Je me demandais par moments si tu étais en train de séjourner dans un hôpital psychiatrique ou dans la rue, ou seul chez toi la bouteille à la gorge ou pissant de la drogue. Tu perdais tes jambes, m’avais-tu écrit. Foutu diabète. Tu n’avais pas dû aller bien loin.

Nous nous étions rencontrés sur les blogues, il y a dix ans. Sur ma page aujourd’hui inhumée — La passerelle des jours —, vers 2011, tu m’avais fait l’honneur de venir lire et commenter mes écrits avec ton gros fracas. Souvent pour te mettre en valeur et pour parler de toi, mais quand même, tu trouvais le moyen d’éclabousser ton style en visant juste avec des mots et une ponctuation qui faisaient l’effet du scalpel, aussi précis qu’une microchirurgie. Ta maîtrise de cette épée était impressionnante. Je ne te connaissais pas avant, je ne t’avais jamais lu, je n’avais jamais entendu parler de toi ni de tes livres, avant de googler ton nom pour savoir à qui j’avais affaire.

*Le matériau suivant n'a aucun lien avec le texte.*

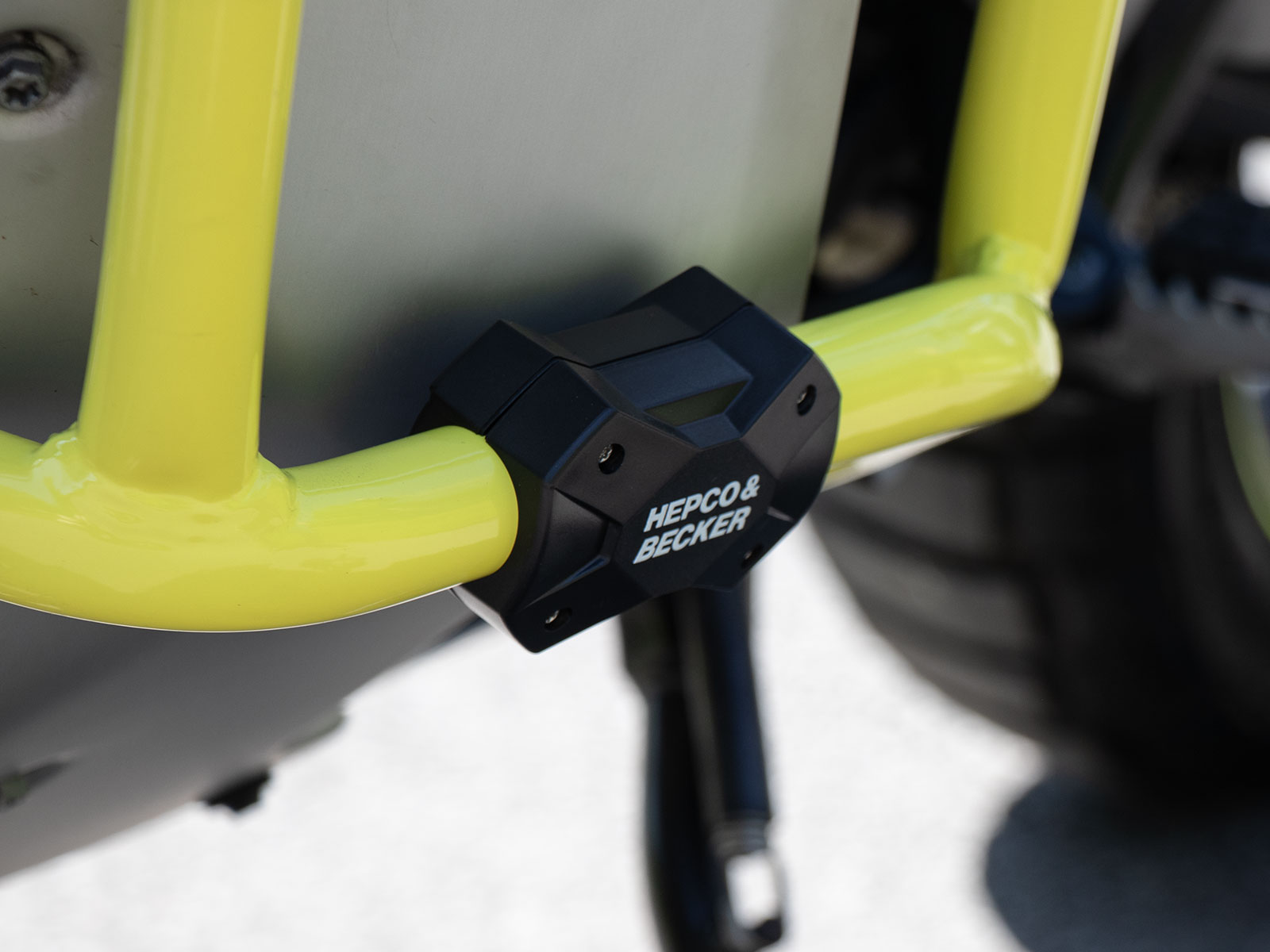 Slidepad pour le réservoir et l'arceau de protection du moteur Hepco & Becker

Dans ce temps-là, c’était moi, le mort. Je n’étais alors qu’un petit médecin de campagne cassé en deux, errant entre Blanc-Sablon et mon condo de l’avenue Laval à Montréal. C’est à ce moment que tu es débarqué dans ma tête avec ton fédora et ta grande gueule narcissique, cette armure que tu revêtais pour cacher tes perçures et celles que tu avais faites. J’ai eu l’impression que tu essayais de me sortir de mon cercueil à grands coups de batte de baseball. Quand je t’ai confié des remords, tu m’as répondu que tu étais l’allégorie des regrets, ou à peu près. Ça avait cliqué.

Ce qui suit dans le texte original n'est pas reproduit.